1 - Contributing Records

How connectors contribute entity instance records to BitBroker

All the data being managed by a BitBroker instance, enters the system via the Contribution API. The process of contributing such data is documented in detail in this section.

In this section, we will consider the basic use case of contributing entity instance records. Later sections of this documentation will detail how you can contribute live, on-demand data and timeseries data.

Contributing Records to the Catalog

We will assume for the purposes of this section that an entity type and it’s associated data connector have been created and are present within the system. Further, that the connector ID and authorization token, which were obtained when the data connecter was created, have been recorded and are available.

Data can now be contributed into the catalog by this data connector, but within the context of its parent entity type only. Hence, we say that a single connector contributes “entity instance records”. If one organization wants to contribute data to multiple entity types, then they must do this via multiple data connectors.

The process of contributing entity instance records into the catalog breaks down into three steps:

  1. Create a data contribution session
  2. Upsert and/or delete records into this session
  3. Close the session

These steps are achieved via an HTTP based API, which we outline in detail below. Each data connector will have a private end-point on this API which is waiting for its contributions.


Sessions are used by the Contribution API to manage inbound data coming from the community of data connectors. Sessions allow the connectors to contribute entity instance records in well-defined ways, which are respectful of the state management of the source data store.

BitBroker supports three types of sessions: stream, accrue and replace. Each one provides for different update and delete contexts.

The three types of session provide for different application logic in the following areas:

  • Whether data is available to consumers whilst the session is still open or only after is it closed.
  • Whether the data provided within a session adds to or replaces earlier data from your connector.

Here is the detail of how each session type functions:

Area Stream Accrue Replace
Data visibility as soon as posted on session close on session close
Data from previous session in addition to in addition to replaces entirely

Let’s explore each of these in more detail:

Stream Sessions

Stream sessions are likely to be the default mode of operation for most data connectors. Inbound entity instance records arrive in the catalog as soon as they are posted and whilst the session remains open. They are immediately available to consumers to view via the Consumer API.

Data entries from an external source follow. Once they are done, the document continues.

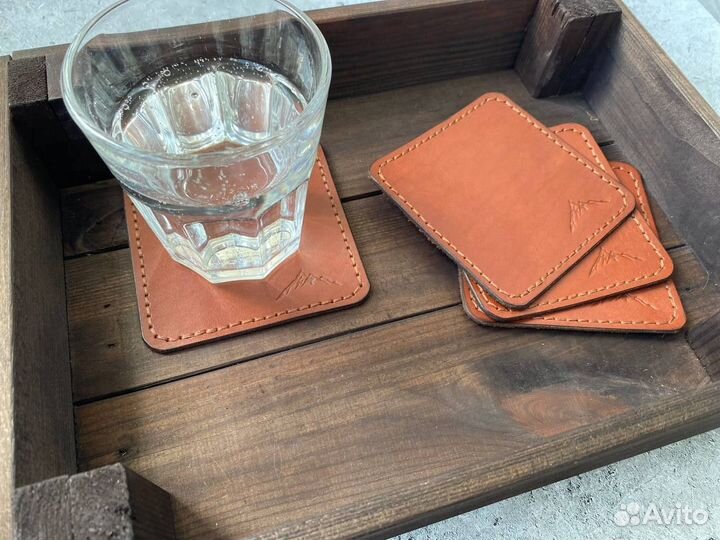 Подставки под бокалы из коричневой юфти (4 шт)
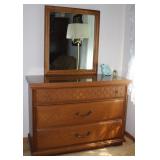 Bassett Mid-Century 3-Drawer Oak Dresser with Mirror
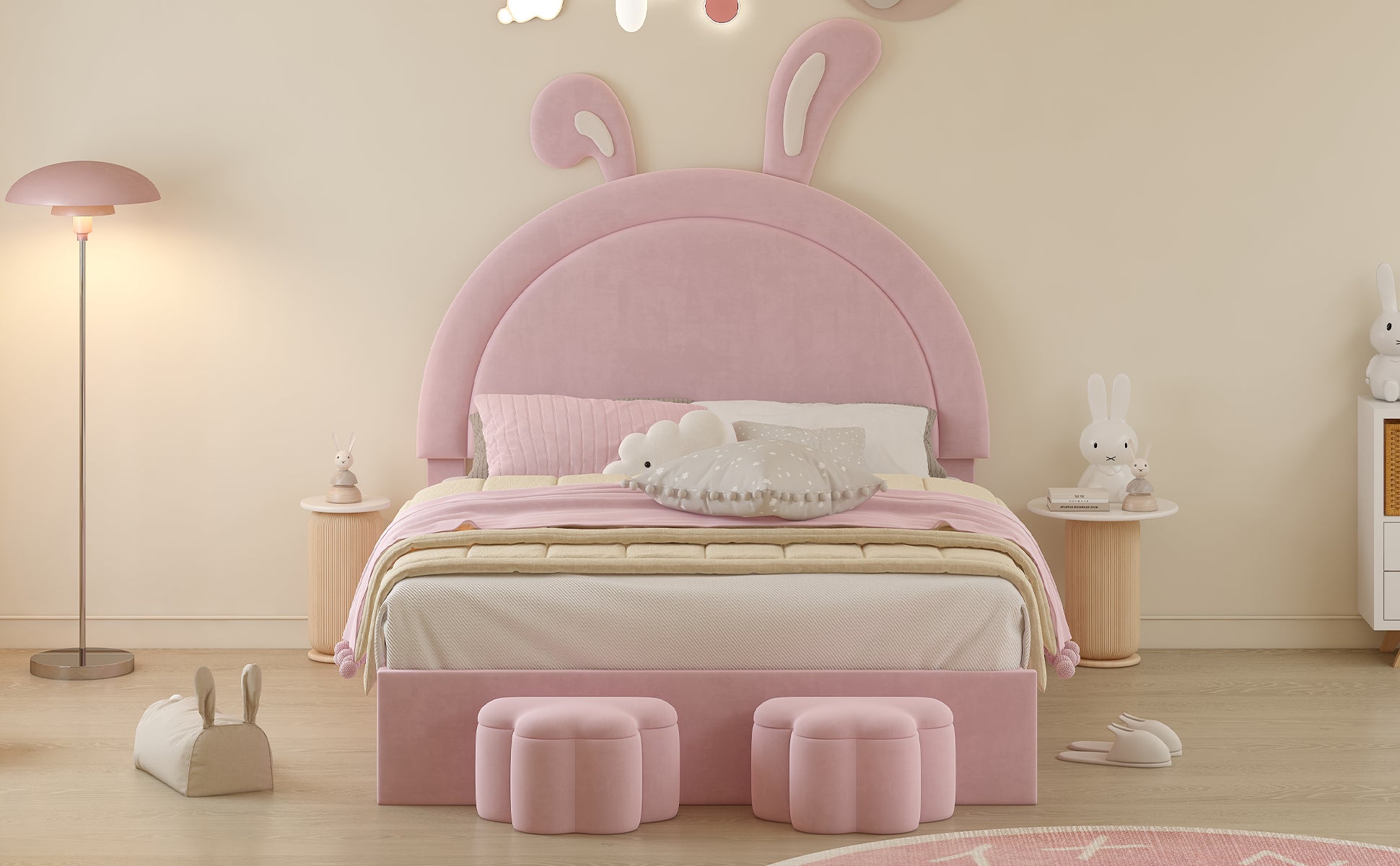 Full Size Upholstered Rabbit Shape Bed With 2 Storage Stools, Velvet Platform Bed With Cartoon Ears Shaped Headboard, Pink Full Pink Wood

New records are in addition to existing records in the catalog and removal must be explicitly requested. Closing a stream session is a moot operation, since the session type is essentially an “open pipe” into the catalog. In fact, stream sessions can be opened and left open indefinitely.

Type Session Action
session data is already visible, in addition to previous data
no operation - session data is already visible, in addition to previous data
no operation - session data is already visible, in addition to previous data

Accrue Sessions

Accrue sessions are useful when entity instance records should only become visible as complete sets. In this scenario, the entity instance records contributed within a session, only become visible via the Consumer API when the session is closed - and hence only as a complete set.

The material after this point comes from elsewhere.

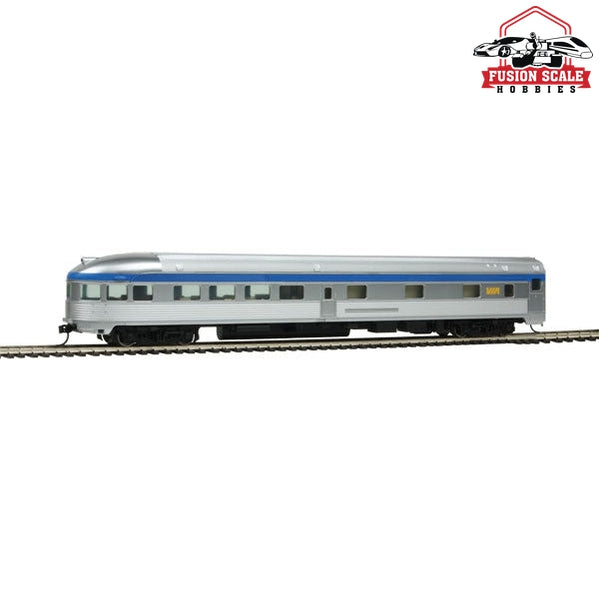 Walthers Mainline HO Scale 85' Budd Observation Ready To Run Via Rail Canada (silver, blue, yellow)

New records are in addition to existing records in the catalog and removal must be explicitly requested. When you close an accrue session, you must specify a commit state as true or false. Closing the session with true makes the contributed records visible in the Consumer API, but closing it with false will discard all the records contributed within that session.

Type Close Action
session data not visible, but previous data is
session data now becomes visible, in addition to previous data
session data is discarded and previous data persists

Replace Sessions

Replace sessions are useful when contributed entity instance records should completely replace the set provided in previous sessions. In this scenario, the entity instance records contributed within a session, become visible via the Consumer API when the session is closed as a complete set - but all the records contributed in earlier sessions are discarded. Replace sessions are useful when you cannot maintain state about earlier contributions, and hence each contribution is a complete statement of your record set.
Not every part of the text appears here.